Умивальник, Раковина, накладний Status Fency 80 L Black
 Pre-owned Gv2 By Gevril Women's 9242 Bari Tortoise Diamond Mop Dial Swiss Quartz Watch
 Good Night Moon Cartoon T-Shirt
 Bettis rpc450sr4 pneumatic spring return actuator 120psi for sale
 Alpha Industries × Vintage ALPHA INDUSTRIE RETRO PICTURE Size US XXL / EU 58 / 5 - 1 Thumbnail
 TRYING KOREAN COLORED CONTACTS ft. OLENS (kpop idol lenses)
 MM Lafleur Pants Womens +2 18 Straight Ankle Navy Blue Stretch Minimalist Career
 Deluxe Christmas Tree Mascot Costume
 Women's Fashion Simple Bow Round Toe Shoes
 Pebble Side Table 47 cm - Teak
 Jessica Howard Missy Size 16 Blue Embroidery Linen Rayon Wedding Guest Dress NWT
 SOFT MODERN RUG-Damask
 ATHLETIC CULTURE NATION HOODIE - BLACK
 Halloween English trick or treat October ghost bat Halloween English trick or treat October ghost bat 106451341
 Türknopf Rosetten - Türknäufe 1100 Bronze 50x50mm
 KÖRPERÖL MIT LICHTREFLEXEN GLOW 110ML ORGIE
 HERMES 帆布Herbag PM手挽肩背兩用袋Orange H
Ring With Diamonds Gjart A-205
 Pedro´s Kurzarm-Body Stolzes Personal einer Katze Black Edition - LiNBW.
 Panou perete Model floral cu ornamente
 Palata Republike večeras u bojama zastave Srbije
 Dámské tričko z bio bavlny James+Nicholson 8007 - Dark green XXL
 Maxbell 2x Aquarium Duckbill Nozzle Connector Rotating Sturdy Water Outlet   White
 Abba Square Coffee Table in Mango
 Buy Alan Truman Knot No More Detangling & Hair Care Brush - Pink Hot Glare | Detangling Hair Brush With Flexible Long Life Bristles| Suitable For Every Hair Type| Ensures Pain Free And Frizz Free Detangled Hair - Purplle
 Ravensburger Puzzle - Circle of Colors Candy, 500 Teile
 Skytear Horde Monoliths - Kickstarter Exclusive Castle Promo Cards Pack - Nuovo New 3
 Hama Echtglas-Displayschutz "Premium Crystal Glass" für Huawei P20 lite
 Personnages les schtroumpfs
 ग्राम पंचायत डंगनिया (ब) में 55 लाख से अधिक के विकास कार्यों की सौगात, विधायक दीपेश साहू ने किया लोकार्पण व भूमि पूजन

DIRECTIONS: Repeat every entry exactly, leaving nothing out.

TASK OUTPUT:
Умивальник, Раковина, накладний Status Fency 80 L Black
 Pre-owned Gv2 By Gevril Women's 9242 Bari Tortoise Diamond Mop Dial Swiss Quartz Watch
 Good Night Moon Cartoon T-Shirt
 Bettis rpc450sr4 pneumatic spring return actuator 120psi for sale
 Alpha Industries × Vintage ALPHA INDUSTRIE RETRO PICTURE Size US XXL / EU 58 / 5 - 1 Thumbnail
 TRYING KOREAN COLORED CONTACTS ft. OLENS (kpop idol lenses)
 MM Lafleur Pants Womens +2 18 Straight Ankle Navy Blue Stretch Minimalist Career
 Deluxe Christmas Tree Mascot Costume
 Women's Fashion Simple Bow Round Toe Shoes
 Pebble Side Table 47 cm - Teak
 Jessica Howard Missy Size 16 Blue Embroidery Linen Rayon Wedding Guest Dress NWT
 SOFT MODERN RUG-Damask
 ATHLETIC CULTURE NATION HOODIE - BLACK
 Halloween English trick or treat October ghost bat Halloween English trick or treat October ghost bat 106451341
 Türknopf Rosetten - Türknäufe 1100 Bronze 50x50mm
 KÖRPERÖL MIT LICHTREFLEXEN GLOW 110ML ORGIE
 HERMES 帆布Herbag PM手挽肩背兩用袋Orange H
Ring With Diamonds Gjart A-205
 Pedro´s Kurzarm-Body Stolzes Personal einer Katze Black Edition - LiNBW.
 Panou perete Model floral cu ornamente
 Palata Republike večeras u bojama zastave Srbije
 Dámské tričko z bio bavlny James+Nicholson 8007 - Dark green XXL
 Maxbell 2x Aquarium Duckbill Nozzle Connector Rotating Sturdy Water Outlet   White
 Abba Square Coffee Table in Mango
 Buy Alan Truman Knot No More Detangling & Hair Care Brush - Pink Hot Glare | Detangling Hair Brush With Flexible Long Life Bristles| Suitable For Every Hair Type| Ensures Pain Free And Frizz Free Detangled Hair - Purplle
 Ravensburger Puzzle - Circle of Colors Candy, 500 Teile
 Skytear Horde Monoliths - Kickstarter Exclusive Castle Promo Cards Pack - Nuovo New 3
 Hama Echtglas-Displayschutz "Premium Crystal Glass" für Huawei P20 lite
 Personnages les schtroumpfs
 ग्राम पंचायत डंगनिया (ब) में 55 लाख से अधिक के विकास कार्यों की सौगात, विधायक दीपेश साहू ने किया लोकार्पण व भूमि पूजन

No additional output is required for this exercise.